Aber was hat sie denn mit Schagerström zu tun?
Nun, Charlotte Löwensköld war ein frisches, frohes, offenherziges junges Mädchen, und in dem Augenblick, wo sie ihren Fuß auf die Schwelle der Propstei setzte, ging es wie ein frischer Hauch durchs ganze Haus. Der Propst und seine Frau waren alt und gleichsam zu ihren eigenen Schatten geworden; aber Charlotte flößte ihnen neues Leben ein. Der Vikar aber war dünn wie ein Zwirnsfaden und so fromm, daß er fast nicht zu essen und zu trinken wagte. Den Tag über versah er seinen Dienst und beweinte seine Sünden. Er zählte sich schon zu den Verlorenen; aber Charlotte Löwensköld hinderte ihn daran, sich vollends ganz aufzureiben.
Aber was hat dieses alles mit – –?
Man muß wissen, daß der Vikar, als er zum ersten Male in die Propstei von Korskyrka kam, ganz frisch ordiniert und mit allem, was zu seinem Dienst gehörte, noch ganz unbekannt war. Da half ihm Charlotte Löwensköld, sich zurechtzufinden. Sie hatte ihr Lebtag in einem Pfarrhause gewohnt und war mit allem in Betracht Kommenden auf dem laufenden; nun lehrte sie den Vikar sowohl Kinder taufen als auch im Kirchengemeinderat das Wort führen. Und dabei verliebten sie sich ineinander und waren nun schon fünf Jahre verlobt.

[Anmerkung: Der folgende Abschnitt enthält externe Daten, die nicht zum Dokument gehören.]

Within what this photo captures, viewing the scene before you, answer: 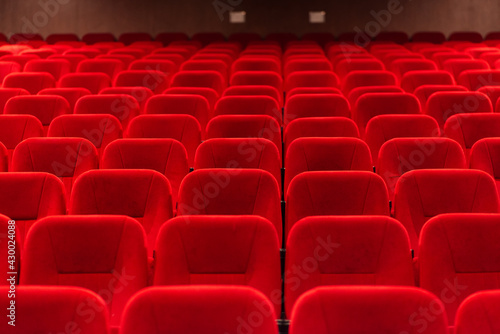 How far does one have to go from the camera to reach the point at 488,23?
632cm

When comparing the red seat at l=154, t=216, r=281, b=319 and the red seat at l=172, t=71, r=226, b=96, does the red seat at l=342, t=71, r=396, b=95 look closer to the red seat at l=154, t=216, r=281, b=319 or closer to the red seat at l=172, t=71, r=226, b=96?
the red seat at l=172, t=71, r=226, b=96

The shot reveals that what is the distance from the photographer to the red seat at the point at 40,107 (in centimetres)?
279

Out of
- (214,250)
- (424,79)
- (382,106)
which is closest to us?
(214,250)

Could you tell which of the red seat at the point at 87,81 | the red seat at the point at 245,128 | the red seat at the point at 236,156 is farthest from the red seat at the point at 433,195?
the red seat at the point at 87,81

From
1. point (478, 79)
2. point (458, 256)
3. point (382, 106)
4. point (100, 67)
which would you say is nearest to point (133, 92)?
point (100, 67)

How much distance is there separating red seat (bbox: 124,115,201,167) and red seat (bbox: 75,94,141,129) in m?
0.39

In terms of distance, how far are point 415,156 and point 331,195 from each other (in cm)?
51

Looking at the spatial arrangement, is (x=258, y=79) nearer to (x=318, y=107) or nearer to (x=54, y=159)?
(x=318, y=107)

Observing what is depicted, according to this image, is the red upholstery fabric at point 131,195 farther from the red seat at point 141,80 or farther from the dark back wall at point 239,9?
the dark back wall at point 239,9

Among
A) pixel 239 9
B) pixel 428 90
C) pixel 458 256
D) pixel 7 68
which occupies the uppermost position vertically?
pixel 239 9

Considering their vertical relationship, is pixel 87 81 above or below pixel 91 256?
above

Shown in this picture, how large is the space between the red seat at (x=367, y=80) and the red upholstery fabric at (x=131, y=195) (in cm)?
195

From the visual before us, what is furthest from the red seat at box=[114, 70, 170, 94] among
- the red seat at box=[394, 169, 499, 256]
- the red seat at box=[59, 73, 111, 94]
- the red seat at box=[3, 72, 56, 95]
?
the red seat at box=[394, 169, 499, 256]

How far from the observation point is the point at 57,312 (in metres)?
1.04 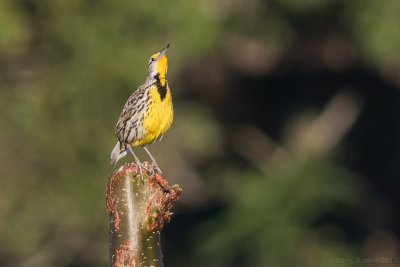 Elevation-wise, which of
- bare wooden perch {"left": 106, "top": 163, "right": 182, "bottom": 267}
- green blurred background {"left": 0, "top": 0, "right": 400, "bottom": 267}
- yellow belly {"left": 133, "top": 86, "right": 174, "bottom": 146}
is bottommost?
bare wooden perch {"left": 106, "top": 163, "right": 182, "bottom": 267}

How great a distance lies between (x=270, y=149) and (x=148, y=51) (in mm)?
→ 4232

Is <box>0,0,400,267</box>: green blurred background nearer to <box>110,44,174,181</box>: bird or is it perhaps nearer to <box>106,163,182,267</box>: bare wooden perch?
<box>110,44,174,181</box>: bird

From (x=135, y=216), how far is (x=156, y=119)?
2.00 meters

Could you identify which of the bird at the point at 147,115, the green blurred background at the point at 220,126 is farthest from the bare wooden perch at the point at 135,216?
the green blurred background at the point at 220,126

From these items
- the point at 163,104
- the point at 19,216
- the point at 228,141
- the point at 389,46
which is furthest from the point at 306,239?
the point at 163,104

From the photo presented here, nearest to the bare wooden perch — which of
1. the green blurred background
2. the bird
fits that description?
the bird

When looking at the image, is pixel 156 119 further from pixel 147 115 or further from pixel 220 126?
pixel 220 126

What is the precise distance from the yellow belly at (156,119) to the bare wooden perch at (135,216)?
177 cm

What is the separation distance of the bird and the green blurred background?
3.91 m

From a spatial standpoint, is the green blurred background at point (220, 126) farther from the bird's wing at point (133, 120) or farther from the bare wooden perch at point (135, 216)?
the bare wooden perch at point (135, 216)

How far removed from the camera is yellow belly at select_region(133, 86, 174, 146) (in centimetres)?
582

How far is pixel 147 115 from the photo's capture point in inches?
231

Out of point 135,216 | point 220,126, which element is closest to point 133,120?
point 135,216

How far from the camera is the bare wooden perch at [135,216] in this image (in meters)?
3.79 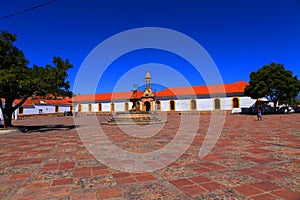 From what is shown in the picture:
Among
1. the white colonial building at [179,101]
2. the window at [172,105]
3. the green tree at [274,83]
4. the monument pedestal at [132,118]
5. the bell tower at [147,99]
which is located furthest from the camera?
the window at [172,105]

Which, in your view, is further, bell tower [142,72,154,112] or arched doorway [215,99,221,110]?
bell tower [142,72,154,112]

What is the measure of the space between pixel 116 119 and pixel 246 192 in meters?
15.7

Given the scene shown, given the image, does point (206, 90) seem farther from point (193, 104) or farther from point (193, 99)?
point (193, 104)

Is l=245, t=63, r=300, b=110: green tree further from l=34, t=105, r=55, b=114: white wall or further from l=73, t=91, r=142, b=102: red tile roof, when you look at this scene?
l=34, t=105, r=55, b=114: white wall

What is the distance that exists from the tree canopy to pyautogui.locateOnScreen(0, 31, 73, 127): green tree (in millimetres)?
26261

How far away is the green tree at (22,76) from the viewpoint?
35.8 feet

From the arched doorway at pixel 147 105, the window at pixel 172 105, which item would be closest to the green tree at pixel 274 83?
the window at pixel 172 105

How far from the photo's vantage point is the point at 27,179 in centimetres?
385

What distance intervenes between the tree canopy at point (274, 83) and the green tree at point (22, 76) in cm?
2626

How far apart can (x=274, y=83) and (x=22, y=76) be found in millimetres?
29818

Aber auf diese Weise kommen wir ja ganz von Schagerström ab ...
Eine ganz hervorragende Eigenschaft von Charlotte Löwensköld war, daß sie für andere alles so gut einzurichten und anzuordnen verstand. Kaum war sie also mit dem Vikar verlobt, als sie auch schon heraushatte, daß seine Eltern mit der Wahl dieses Berufes gar nicht einverstanden waren. Sie hätten es viel lieber gesehen, wenn ihr Sohn sich den Magistertitel erworben hätte, um dann auf den Lizentiaten und Doktor der Philosophie zu studieren. Er war auch wirklich fünf Jahre in Uppsala gewesen, hatte dann das Kandidatenexamen dort gemacht, und im siebenten Jahr wäre er Magister geworden – aber gerade da hatte er umgesattelt und das theologische Examen gemacht. Seine Eltern waren wohlhabend und ein wenig ehrgeizig. Es war ihnen nicht lieb, ihren Sohn eine so anspruchslose Laufbahn einschlagen zu sehen. Seit er Geistlicher geworden war, hatten sie ihn beständig mit Bitten bestürmt, doch noch weiter in Uppsala zu studieren; aber dazu war er nicht zu bewegen gewesen. Charlotte Löwensköld sah wohl ein, daß er mit einem höheren Examen weit bessere Aussichten auf Beförderung haben würde, und so schickte sie ihn nach Uppsala zurück. Und da er der ärgste Büffler war, den man sich vorstellen kann, so war er in vier Jahren fertig gewesen. In dieser Zeit hatte er nicht nur das Lizentiatenexamen gemacht, sondern auch seinen philosophischen Doktor.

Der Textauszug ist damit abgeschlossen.